◆ **Aim of the task**: Could you restate word for word every line from the one containing "Historic Palm Beach" to the end of the data below, pictures excluded?

◆ **Available data**:
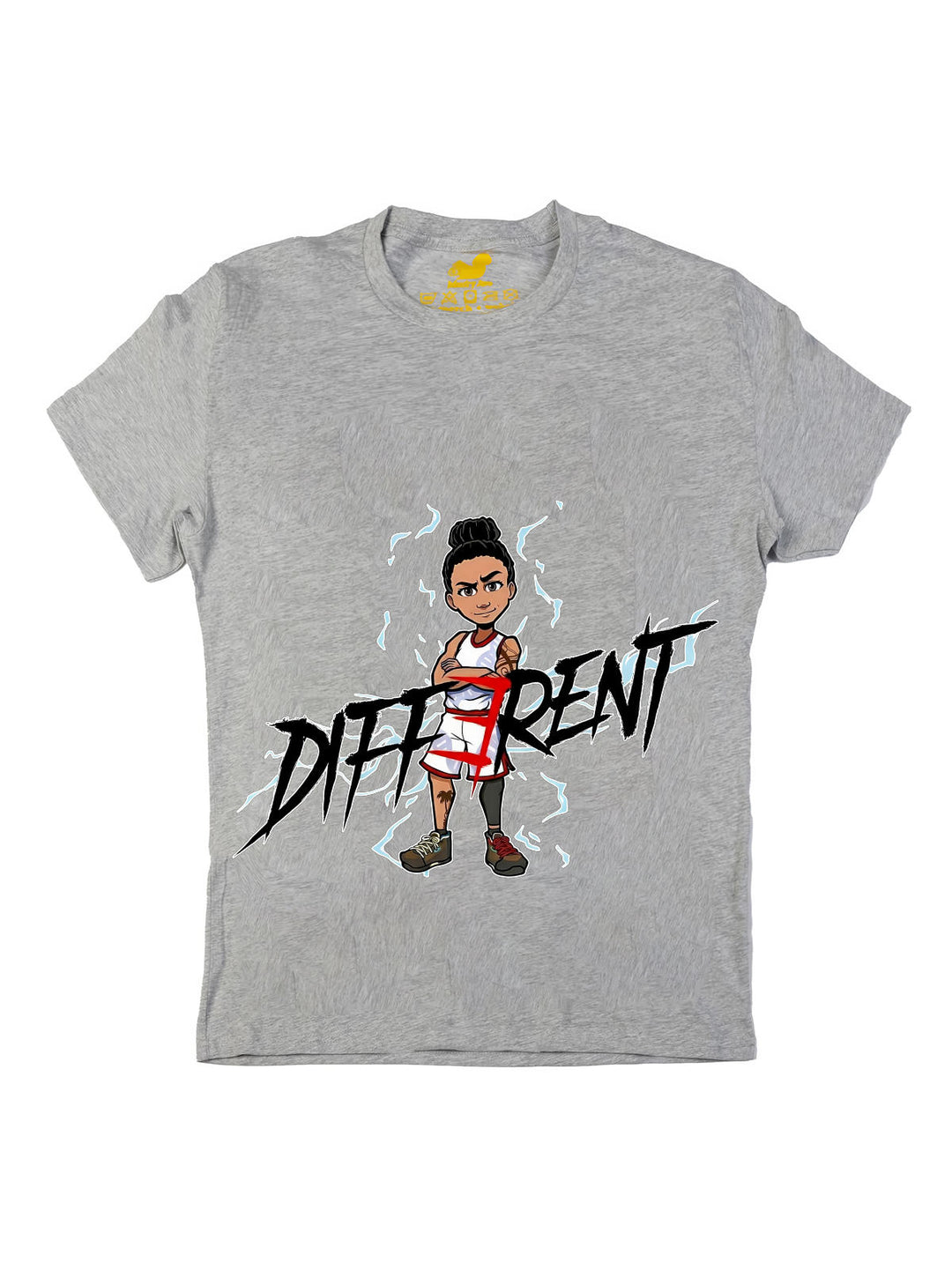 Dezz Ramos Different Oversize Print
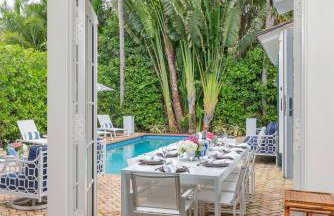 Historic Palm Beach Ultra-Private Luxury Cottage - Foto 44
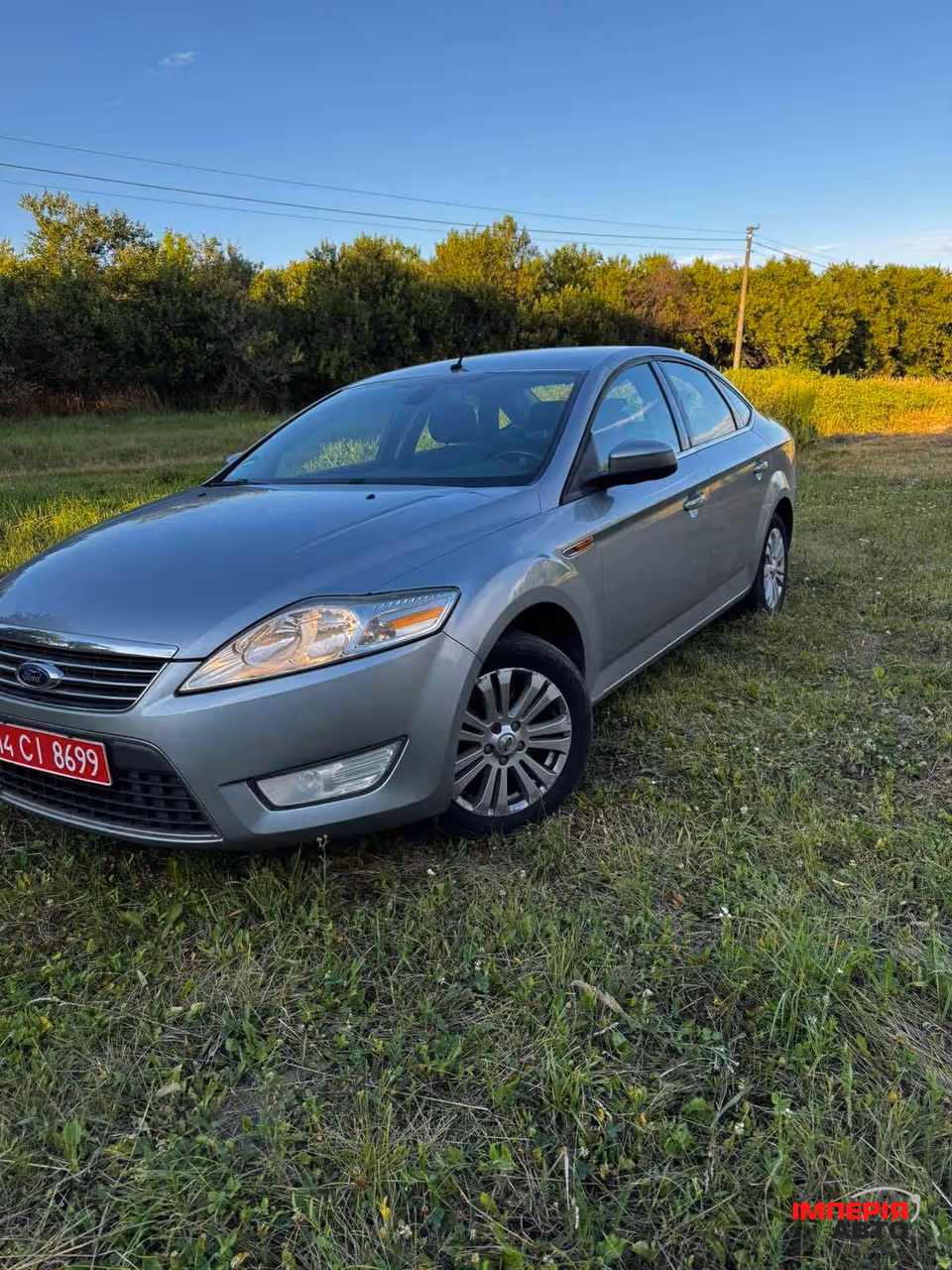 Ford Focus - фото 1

◆ **Expected answer**:
 Historic Palm Beach Ultra-Private Luxury Cottage - Foto 44
 Ford Focus - фото 1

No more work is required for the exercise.